A robust framework for building durable, distributed workflows in Ruby on Rails applications
ChronoForge provides a powerful solution for handling long-running processes, managing state, and recovering from failures in your Rails applications. Built on top of ActiveJob, it ensures your critical business processes remain resilient and traceable.
- Durable Execution: Automatically tracks and recovers from failures during workflow execution
- State Management: Built-in workflow state tracking with persistent context storage
- Concurrency Control: Advanced locking mechanisms to prevent parallel execution of the same workflow
- Error Handling: Comprehensive error tracking with configurable retry strategies
- Execution Logging: Detailed logging of workflow steps and errors for visibility
- Wait States: Support for time-based waits and condition-based waiting
- Database-Backed: All workflow state is persisted to ensure durability
- ActiveJob Integration: Compatible with all ActiveJob backends, though database-backed processors (like Solid Queue) provide the most reliable experience for long-running workflows
Add to your application's Gemfile:
gem 'chrono_forge'
Then execute:
$ bundle install
Or install directly:
$ gem install chrono_forge
After installation, run the generator to create the necessary database migrations:
$ rails generate chrono_forge:install
$ rails db:migrate
ChronoForge workflows are ActiveJob classes that prepend the ChronoForge::Executor
module. Each workflow can only accept keyword arguments:
# Define your workflow class
class OrderProcessingWorkflow < ApplicationJob
prepend ChronoForge::Executor
def perform(order_id:, customer_id:)
# Workflow steps...
end
end
All workflows require a unique identifier when executed. This identifier is used to track and manage the workflow:
# Execute the workflow
OrderProcessingWorkflow.perform_later(
"order-123", # Unique workflow key
order_id: "order-134", # Custom kwargs
customer_id: "customer-456" # More custom kwargs
)
Here's a complete example of a durable order processing workflow:
class OrderProcessingWorkflow < ApplicationJob
prepend ChronoForge::Executor
def perform(order_id:)
@order_id = order_id
# Context can be used to pass and store data between executions
context.set_once "execution_id", SecureRandom.hex
# Wait until payment is confirmed
wait_until :payment_confirmed?
# Wait for potential fraud check
wait 1.minute, :fraud_check_delay
# Durably execute order processing
durably_execute :process_order
# Final steps
durably_execute :complete_order
end
private
def payment_confirmed?
PaymentService.confirmed?(@order_id, context["execution_id"])
end
def process_order
OrderProcessor.process(@order_id, context["execution_id"])
context["processed_at"] = Time.current.iso8601
end
def complete_order
OrderCompletionService.complete(@order_id, context["execution_id"])

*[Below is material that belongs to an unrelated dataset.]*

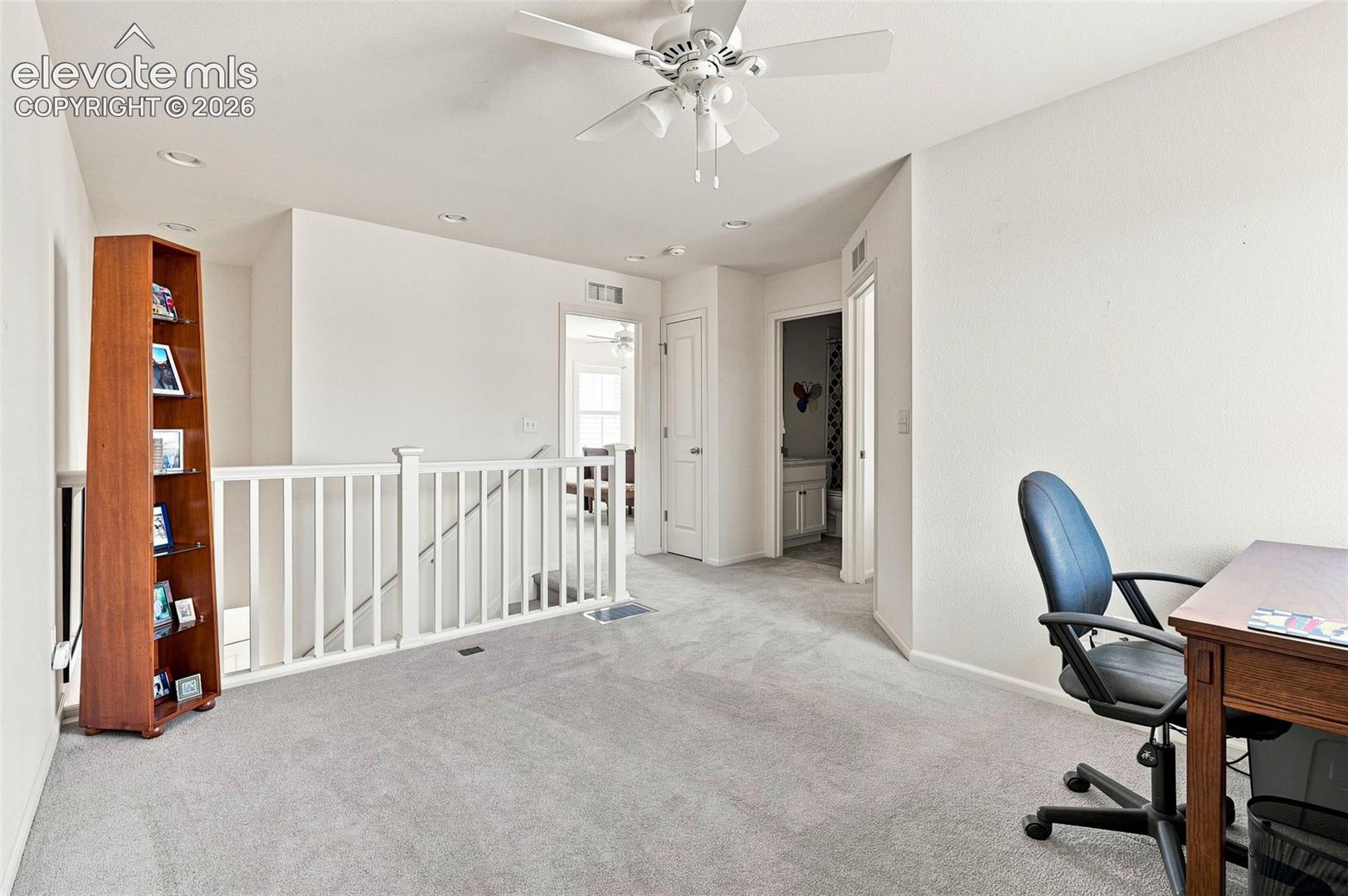 Listing photo 16 for 4298 N Meadows Drive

context["completed_at"] = Time.current.iso8601
end
end
ChronoForge workflows are executed through ActiveJob's standard interface with a specific parameter structure:
# Perform the workflow immediately
OrderProcessingWorkflow.perform_now(
"order-123", # Unique workflow key
order_id: "O-123", # Custom parameter
customer_id: "C-456" # Another custom parameter
)
# Or queue it for background processing
OrderProcessingWorkflow.perform_later(
"order-123-async", # Unique workflow key
order_id: "O-124",
customer_id: "C-457"
)
Important: Workflows must use keyword arguments only, not positional arguments.
The durably_execute
method ensures operations are executed exactly once with automatic retry logic and fault tolerance:
# Basic execution
durably_execute :send_welcome_email
# With custom retry attempts
durably_execute :critical_payment_processing, max_attempts: 5
# With custom name for tracking multiple calls to same method
durably_execute :upload_file, name: "profile_image_upload"
# Complex example with error-prone operation
class FileProcessingWorkflow < ApplicationJob
prepend ChronoForge::Executor
def perform(file_id:)
@file_id = file_id
# This might fail due to network issues, rate limits, etc.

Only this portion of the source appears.